There’s a valuable, inflation-protected annuity awaiting you in retirement, and understanding how to maximise the monthly payments can increase your wealth during the golden years.Though eligibility for Social Security retirement income begins at age 62, workers are already getting the message that delaying benefits will result in a higher monthly payment.
Full retirement benefits are paid at age 66 for baby boomers born between 1943 and 1955, but will increase approximately 8 per cent a month for each year the recipient delays until age 70. That could make a significant difference in living expenses.
But if you want or need income before age 70, there is another option. Two-income couples can use spousal benefits to their advantage by collecting some monthly income while at the same time maximizing the growth of one of the Social Security accounts. As an example, one spouse claims Social Security at age 66, while the other restricts his or her claim at 66 to collect spousal benefits only. That spouse then defers income on his or her own account until age 70, giving it more time to grow.

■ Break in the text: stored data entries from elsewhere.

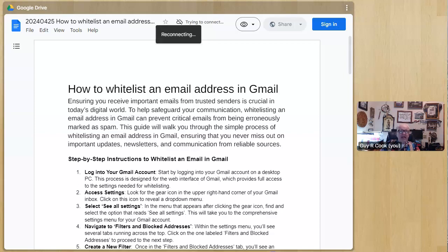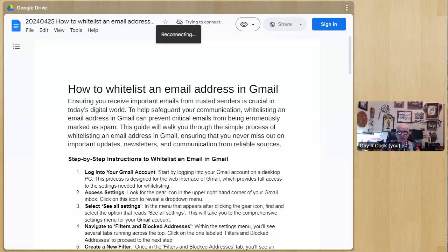Back in January, they said that the email situation was going to get tightened down. There's going to be some DMARC considerations, SPF, etc. They're going to make sure you are who you say you are when you send an email, especially to Gmail.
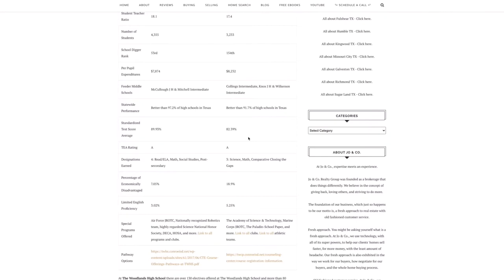Now if we're looking at the special programs they offer, the Woodlands High School has Air Force Junior ROTC, and they are nationally recognized. Their robotics team is nationally recognized. They have a highly regarded science national honor roll society. They have DECA, HOSA, and so much more. So I'm going to show you that link.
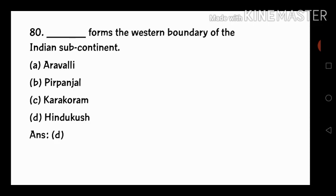The last question: which one of the following forms the western boundary of the Indian subcontinent? The options are Aravallis, Pir Panjal, Karakoram, and Hindu Kush. The answer is Hindu Kush. Hindu Kush forms the western boundary of the Indian subcontinent.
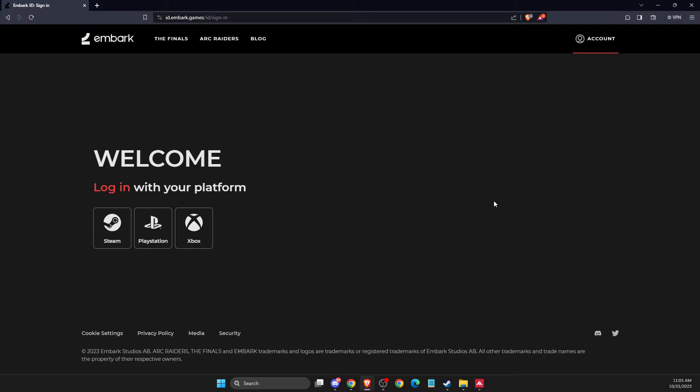The process is pretty much the same. First of all, you need to go to id.embark.games and then you should see a similar window like I'm seeing here right now. Then you need to log in with your account that you're currently playing, so for me it's Steam.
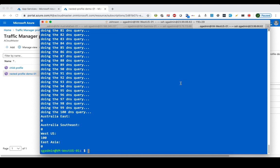That concludes the demonstration of the nested Traffic Manager profile. If you're interested in any new features or have anything you'd like to learn, please leave your comments or feedback and I'll try my best to create a demo for you. Thank you for watching.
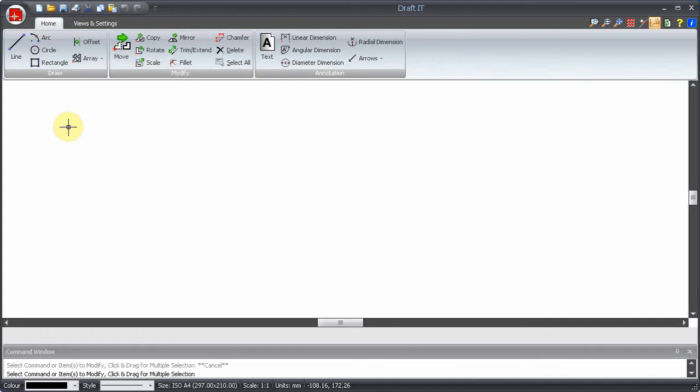It is important to understand the basic mouse functions in DraftIt, this may save you time. First let's look at what we can do with the left mouse button.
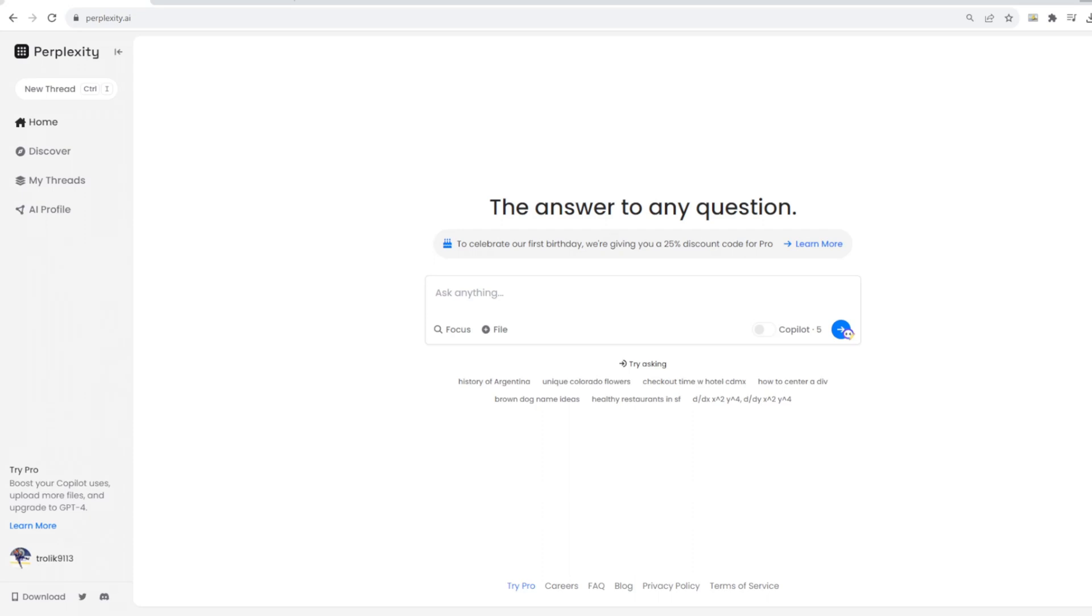Hello everybody, welcome back to another video talking about the newest AI tools for business. Today we're looking at Perplexity AI which just came across my desk last night. So what is Perplexity AI?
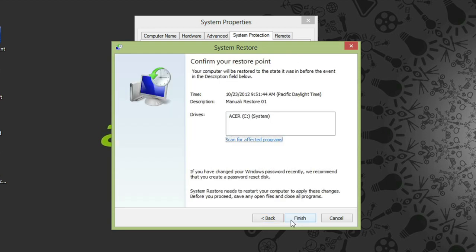It'll ask you to confirm that this is the point that you want to restore to. It tells you the date and time it's restoring to, the name of the restore point, and the drives that are going to be affected.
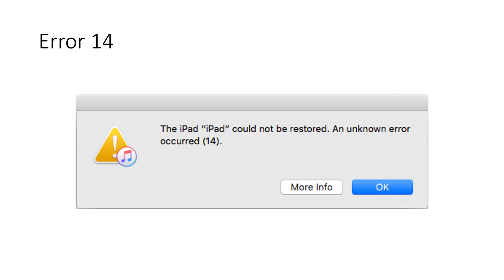Unfortunately in my case, after 20 minutes of updating and reaching 30% on the iPhone update progress bar, I was always getting error 14 in iTunes. I tried several times using several machines, several cables, and several ports, but I always got this error.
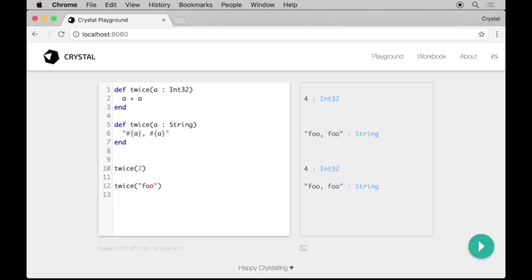So in this chapter we reviewed Crystal's basic data types and constructs, and took a small peek into type inference, type restrictions, and method overloading. In the next episode, we'll go one step further and work with classes, generics, and macros. Thanks for watchin'.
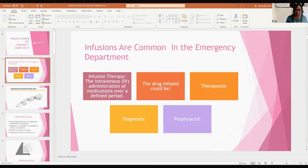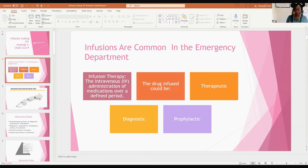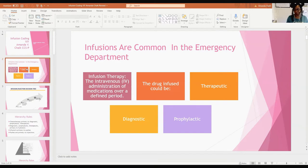Infusions are common in the emergency department. Infusion therapy is the intravenous administration of medications over a defined period. They're infusing some type of drug into your body over a defined period of time. The drug could be therapeutic, diagnostic, or prophylactic — but regardless of which it is, you still have to learn these codes.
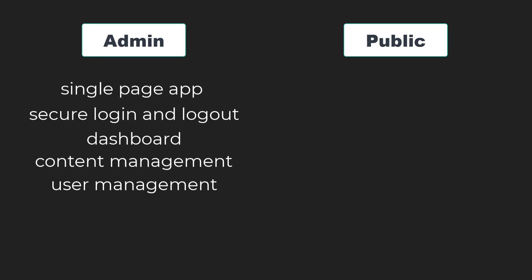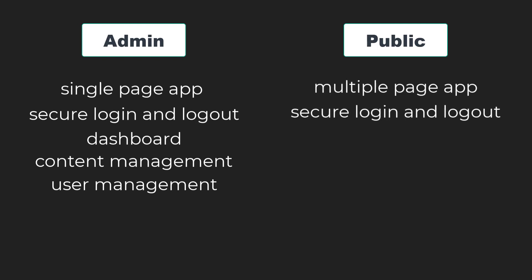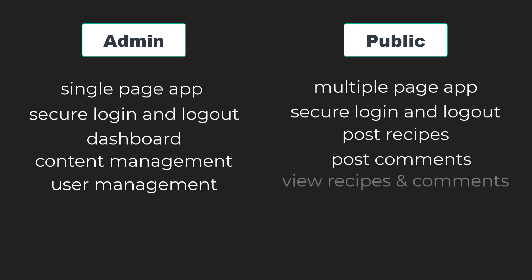The features of this module are Multiple Page App, Secure Login and Logout, Registered Users can post recipes, Registered Users can post comments, and All users can view the recipes and comments.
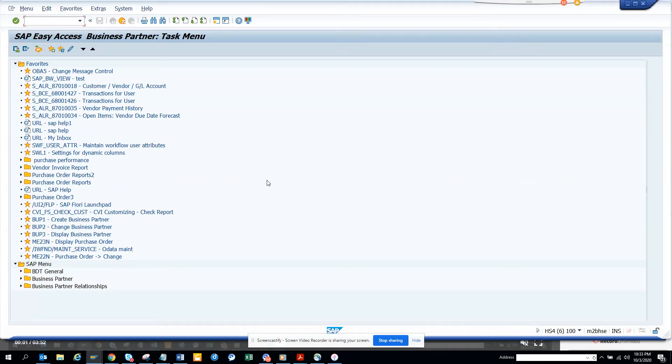Hi friends, now we are going to show you how you can download a file from SAP application server to your desktop. So the first thing you have to do is locate the file path.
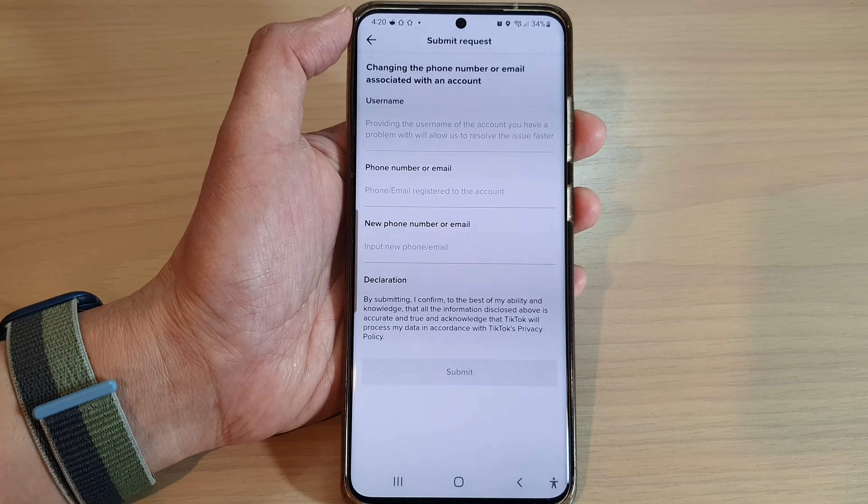Tap on Settings and Privacy. This is on an Android phone. Swipe up and go all the way down, then tap on Report a Problem.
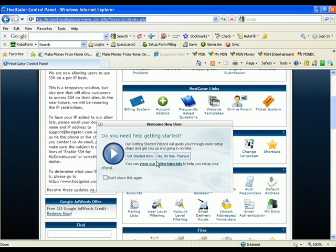And those are the two ways you can log in. You can either go through the link that they sent you via email, or you can go to whatever your domain name is forward slash cpanel. Thanks for watching.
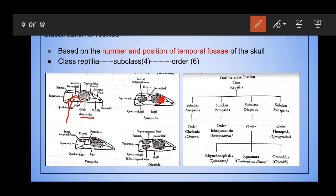Anapsida represents one group or one order of living anapsids, which are our turtles, tortoises, etc. The other order present in Anapsida is extinct — they are not found now, and we only have fossil records of that particular order.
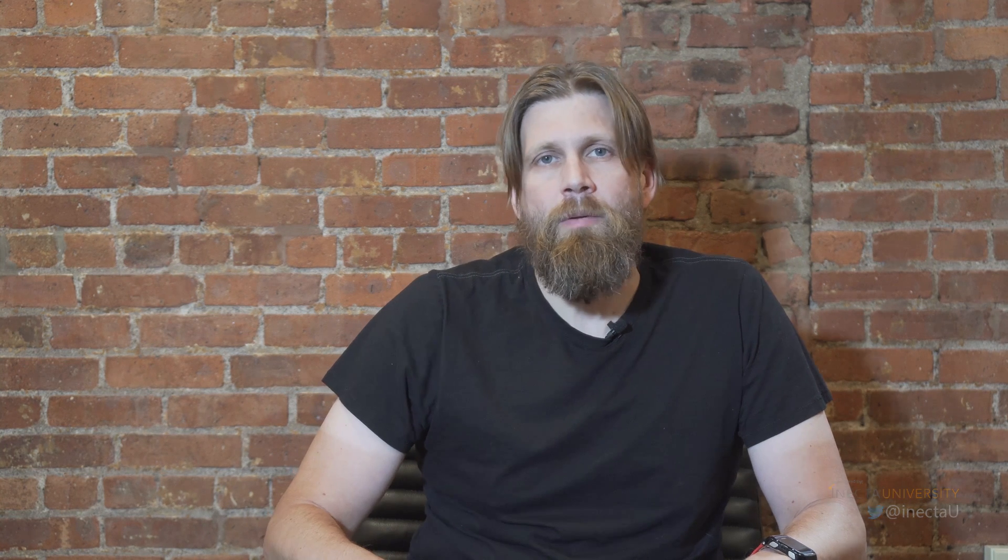This one is actually about overdue invoices, like the vendor invoices that you have left to pay. How you can easily push them into the payment journal and get an overview straight from the Business Central dashboard. So let's take a quick look at that one.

If one spouse is the primary breadwinner, he or she could do something called “file and suspend” at age 66. The account would continue to grow for the primary breadwinner until age 70, but the spouse could begin collecting spousal benefits on it in the meantime.
Both methods allow one of the accounts to grow to its full potential, while giving a married couple some income earlier in their retirement years. The Social Security Administration Web site spells out the eligibility details.